Le dégrèvement et l’exonération de taxe foncière répondent à des logiques différentes. Le premier correspond à une réduction du montant à payer, parfois automatique, tandis que la seconde supprime tout ou partie de l’impôt dans des cas prévus par la loi. Les deux dispositifs ciblent surtout les propriétaires modestes, les personnes âgées, certains bénéficiaires de prestations sociales et des logements répondant à des critères précis.

Dans les faits, l’administration fiscale distingue la situation du propriétaire, celle du bien et la nature de l’occupation. Un même contribuable peut donc relever d’une exonération liée à son âge, ou d’un dégrèvement lié à une vacance locative, ou encore d’un plafonnement lorsque la taxe foncière pèse trop lourdement sur les revenus.

Dégrèvement et exonération, deux mécanismes à ne pas confondre

Le dégrèvement réduit la taxe foncière, souvent de manière ciblée. Par exemple, certains propriétaires âgés de 65 à 75 ans peuvent obtenir une baisse forfaitaire de 100 euros, à condition de respecter les plafonds de revenus. Ce n’est pas une suppression totale de l’impôt, mais une aide directe sur l’avis d’imposition.

L’exonération, elle, va plus loin. Elle peut être totale ou partielle, temporaire ou permanente. Elle s’applique à des profils définis, comme les personnes de plus de 75 ans sous conditions de ressources, les bénéficiaires de l’ASPA ou de l’allocation supplémentaire d’invalidité, ou encore certains logements neufs ou rénovés.
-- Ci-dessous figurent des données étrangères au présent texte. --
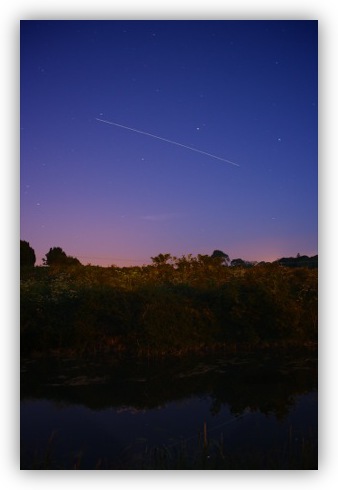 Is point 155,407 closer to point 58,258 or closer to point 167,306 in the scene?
point 167,306

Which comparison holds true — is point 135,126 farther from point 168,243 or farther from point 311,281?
point 311,281

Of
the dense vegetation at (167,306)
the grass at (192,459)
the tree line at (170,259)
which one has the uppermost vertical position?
the tree line at (170,259)

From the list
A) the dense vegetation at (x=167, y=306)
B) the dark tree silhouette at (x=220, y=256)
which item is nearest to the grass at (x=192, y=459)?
the dense vegetation at (x=167, y=306)

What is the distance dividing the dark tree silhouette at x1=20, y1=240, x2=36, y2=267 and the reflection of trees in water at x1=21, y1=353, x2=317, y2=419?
2.94ft

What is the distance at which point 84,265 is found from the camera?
14.9 ft

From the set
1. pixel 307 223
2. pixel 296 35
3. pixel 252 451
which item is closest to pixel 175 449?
pixel 252 451

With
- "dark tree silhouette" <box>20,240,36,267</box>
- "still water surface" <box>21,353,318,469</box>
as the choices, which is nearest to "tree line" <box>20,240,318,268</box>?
"dark tree silhouette" <box>20,240,36,267</box>

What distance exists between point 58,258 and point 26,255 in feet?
1.46

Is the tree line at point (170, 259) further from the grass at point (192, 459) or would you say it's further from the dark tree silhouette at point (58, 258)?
the grass at point (192, 459)

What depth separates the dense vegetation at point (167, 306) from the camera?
4.44 metres

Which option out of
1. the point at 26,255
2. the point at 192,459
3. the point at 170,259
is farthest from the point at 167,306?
the point at 192,459

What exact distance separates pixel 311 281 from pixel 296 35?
8.25 feet

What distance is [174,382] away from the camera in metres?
4.06

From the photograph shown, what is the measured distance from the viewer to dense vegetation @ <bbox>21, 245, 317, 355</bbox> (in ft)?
14.6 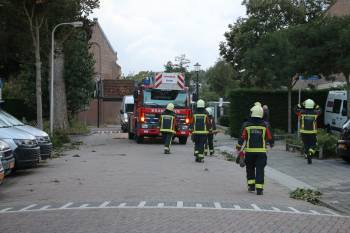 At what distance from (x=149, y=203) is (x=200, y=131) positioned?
8931 mm

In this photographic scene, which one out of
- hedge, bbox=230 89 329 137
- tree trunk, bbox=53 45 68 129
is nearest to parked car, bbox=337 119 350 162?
hedge, bbox=230 89 329 137

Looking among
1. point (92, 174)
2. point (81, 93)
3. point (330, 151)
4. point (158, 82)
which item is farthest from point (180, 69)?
point (92, 174)

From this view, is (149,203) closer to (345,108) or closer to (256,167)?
(256,167)

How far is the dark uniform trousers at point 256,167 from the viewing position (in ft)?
41.6

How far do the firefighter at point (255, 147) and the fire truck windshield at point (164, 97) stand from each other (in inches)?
630

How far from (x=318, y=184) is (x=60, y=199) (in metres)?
6.14

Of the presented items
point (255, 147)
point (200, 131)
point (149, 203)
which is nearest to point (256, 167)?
point (255, 147)

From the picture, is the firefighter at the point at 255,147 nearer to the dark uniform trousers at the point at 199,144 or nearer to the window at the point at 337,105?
the dark uniform trousers at the point at 199,144

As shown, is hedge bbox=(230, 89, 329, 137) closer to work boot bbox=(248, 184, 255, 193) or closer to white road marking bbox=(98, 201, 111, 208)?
work boot bbox=(248, 184, 255, 193)

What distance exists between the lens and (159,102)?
95.2ft

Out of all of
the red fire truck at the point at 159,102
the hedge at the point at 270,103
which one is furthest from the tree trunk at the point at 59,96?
the hedge at the point at 270,103

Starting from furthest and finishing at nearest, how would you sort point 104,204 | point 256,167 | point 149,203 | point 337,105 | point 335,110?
point 335,110 → point 337,105 → point 256,167 → point 149,203 → point 104,204

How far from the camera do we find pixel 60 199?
11789mm

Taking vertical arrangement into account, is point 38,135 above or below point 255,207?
above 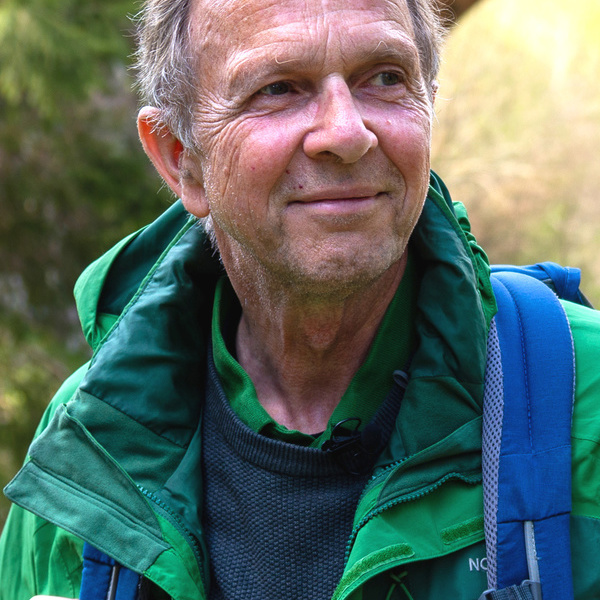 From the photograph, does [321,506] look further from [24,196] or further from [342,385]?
[24,196]

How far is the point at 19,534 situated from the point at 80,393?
18.8 inches

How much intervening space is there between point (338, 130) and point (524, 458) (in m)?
0.67

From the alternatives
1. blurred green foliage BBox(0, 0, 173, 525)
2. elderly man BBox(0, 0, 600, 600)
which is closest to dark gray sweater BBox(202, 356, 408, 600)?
elderly man BBox(0, 0, 600, 600)

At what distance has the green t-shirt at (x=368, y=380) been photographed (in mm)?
1718

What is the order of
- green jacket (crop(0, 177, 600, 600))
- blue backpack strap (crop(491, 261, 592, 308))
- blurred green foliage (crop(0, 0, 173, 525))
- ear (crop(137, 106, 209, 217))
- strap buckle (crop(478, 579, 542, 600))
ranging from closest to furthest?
strap buckle (crop(478, 579, 542, 600)) → green jacket (crop(0, 177, 600, 600)) → blue backpack strap (crop(491, 261, 592, 308)) → ear (crop(137, 106, 209, 217)) → blurred green foliage (crop(0, 0, 173, 525))

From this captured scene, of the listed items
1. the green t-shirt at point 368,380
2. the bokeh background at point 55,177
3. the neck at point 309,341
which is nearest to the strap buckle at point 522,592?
the green t-shirt at point 368,380

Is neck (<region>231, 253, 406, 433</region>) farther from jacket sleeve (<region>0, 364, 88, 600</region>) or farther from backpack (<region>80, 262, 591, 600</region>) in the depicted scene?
jacket sleeve (<region>0, 364, 88, 600</region>)

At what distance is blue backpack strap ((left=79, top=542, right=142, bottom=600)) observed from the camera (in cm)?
161

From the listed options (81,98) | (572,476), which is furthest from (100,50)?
(572,476)

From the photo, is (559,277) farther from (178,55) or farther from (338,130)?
(178,55)

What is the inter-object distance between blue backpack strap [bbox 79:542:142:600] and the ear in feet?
2.56

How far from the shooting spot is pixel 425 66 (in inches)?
70.9

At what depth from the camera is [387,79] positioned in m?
1.67

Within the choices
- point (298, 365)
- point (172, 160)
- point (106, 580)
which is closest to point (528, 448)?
point (298, 365) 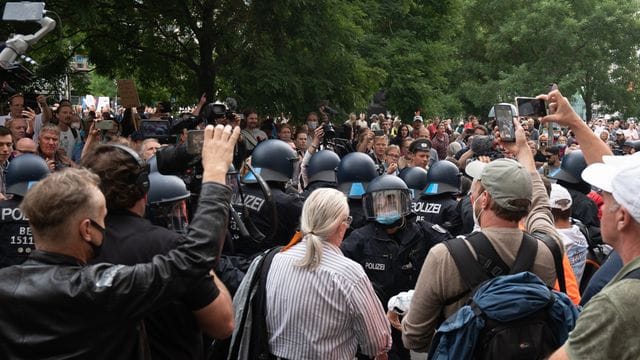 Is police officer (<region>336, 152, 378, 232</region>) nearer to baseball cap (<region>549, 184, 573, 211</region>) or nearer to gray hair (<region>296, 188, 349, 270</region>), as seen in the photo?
baseball cap (<region>549, 184, 573, 211</region>)

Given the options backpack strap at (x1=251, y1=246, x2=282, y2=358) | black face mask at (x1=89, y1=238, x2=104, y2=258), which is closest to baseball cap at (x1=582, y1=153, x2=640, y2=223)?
black face mask at (x1=89, y1=238, x2=104, y2=258)

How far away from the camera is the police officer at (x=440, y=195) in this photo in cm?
685

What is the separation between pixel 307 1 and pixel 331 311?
8.73 metres

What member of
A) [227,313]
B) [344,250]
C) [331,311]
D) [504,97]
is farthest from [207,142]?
[504,97]

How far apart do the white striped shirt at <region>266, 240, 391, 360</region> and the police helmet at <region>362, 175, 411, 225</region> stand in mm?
1525

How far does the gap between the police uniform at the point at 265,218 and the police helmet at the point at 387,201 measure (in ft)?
2.11

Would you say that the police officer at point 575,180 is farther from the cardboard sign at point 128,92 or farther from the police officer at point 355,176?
the cardboard sign at point 128,92

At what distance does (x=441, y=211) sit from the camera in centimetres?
687

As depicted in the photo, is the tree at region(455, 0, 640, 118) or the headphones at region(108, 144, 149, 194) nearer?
the headphones at region(108, 144, 149, 194)

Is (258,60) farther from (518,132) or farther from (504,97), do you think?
(504,97)

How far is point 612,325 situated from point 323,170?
5535 millimetres

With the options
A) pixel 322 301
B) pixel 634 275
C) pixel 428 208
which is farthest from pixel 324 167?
pixel 634 275

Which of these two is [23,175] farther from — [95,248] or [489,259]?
[489,259]

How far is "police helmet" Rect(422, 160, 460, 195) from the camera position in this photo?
6.93 metres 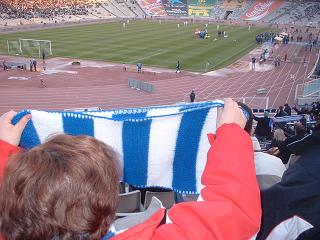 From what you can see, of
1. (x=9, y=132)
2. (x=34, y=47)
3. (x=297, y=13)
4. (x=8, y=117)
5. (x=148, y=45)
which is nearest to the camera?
(x=9, y=132)

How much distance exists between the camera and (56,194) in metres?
1.29

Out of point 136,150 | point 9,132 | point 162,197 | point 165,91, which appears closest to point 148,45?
point 165,91

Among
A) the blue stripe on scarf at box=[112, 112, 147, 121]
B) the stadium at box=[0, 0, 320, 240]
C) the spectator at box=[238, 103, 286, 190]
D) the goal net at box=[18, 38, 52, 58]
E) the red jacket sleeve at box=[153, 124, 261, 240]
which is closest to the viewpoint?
the red jacket sleeve at box=[153, 124, 261, 240]

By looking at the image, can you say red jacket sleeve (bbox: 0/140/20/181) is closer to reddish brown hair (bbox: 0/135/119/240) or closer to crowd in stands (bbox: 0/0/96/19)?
reddish brown hair (bbox: 0/135/119/240)

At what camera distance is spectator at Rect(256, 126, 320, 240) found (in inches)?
60.0

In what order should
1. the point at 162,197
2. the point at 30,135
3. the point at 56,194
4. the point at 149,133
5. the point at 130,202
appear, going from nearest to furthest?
the point at 56,194
the point at 30,135
the point at 149,133
the point at 130,202
the point at 162,197

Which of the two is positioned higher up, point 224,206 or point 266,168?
point 224,206

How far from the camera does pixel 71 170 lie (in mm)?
1334

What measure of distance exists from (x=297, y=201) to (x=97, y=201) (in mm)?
819

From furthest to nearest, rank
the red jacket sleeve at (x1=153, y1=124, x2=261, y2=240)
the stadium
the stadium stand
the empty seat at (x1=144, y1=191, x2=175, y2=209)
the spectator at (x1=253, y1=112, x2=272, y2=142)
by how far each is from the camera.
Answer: the stadium stand < the spectator at (x1=253, y1=112, x2=272, y2=142) < the empty seat at (x1=144, y1=191, x2=175, y2=209) < the stadium < the red jacket sleeve at (x1=153, y1=124, x2=261, y2=240)

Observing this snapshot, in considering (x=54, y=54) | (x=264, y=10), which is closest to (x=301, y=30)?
(x=264, y=10)

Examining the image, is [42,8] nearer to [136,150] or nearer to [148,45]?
[148,45]

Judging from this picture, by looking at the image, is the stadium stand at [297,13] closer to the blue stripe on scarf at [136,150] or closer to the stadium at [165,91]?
the stadium at [165,91]

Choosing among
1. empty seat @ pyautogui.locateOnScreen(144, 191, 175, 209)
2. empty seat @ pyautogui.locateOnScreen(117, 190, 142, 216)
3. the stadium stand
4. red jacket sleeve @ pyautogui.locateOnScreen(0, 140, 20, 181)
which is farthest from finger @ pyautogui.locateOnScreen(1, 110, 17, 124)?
the stadium stand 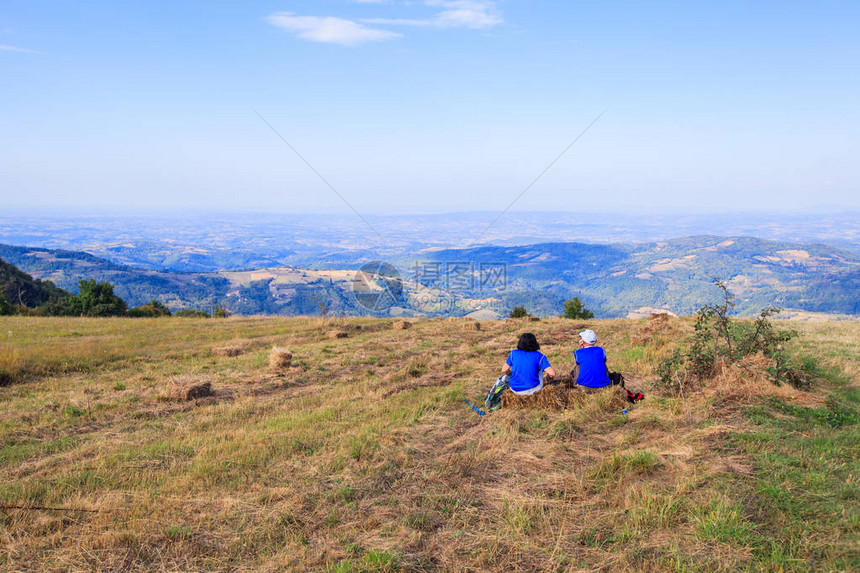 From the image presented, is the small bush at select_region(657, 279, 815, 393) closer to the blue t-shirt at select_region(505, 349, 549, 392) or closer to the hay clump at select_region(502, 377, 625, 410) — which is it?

Bénéficiaires selon l’âge et la situation familiale

Les propriétaires âgés de plus de 65 ans et de moins de 75 ans au 1er janvier de l’année d’imposition peuvent bénéficier d’un dégrèvement automatique de 100 euros. Cette mesure est soumise à une condition de ressources, calculée à partir du revenu fiscal de référence de l’année précédente.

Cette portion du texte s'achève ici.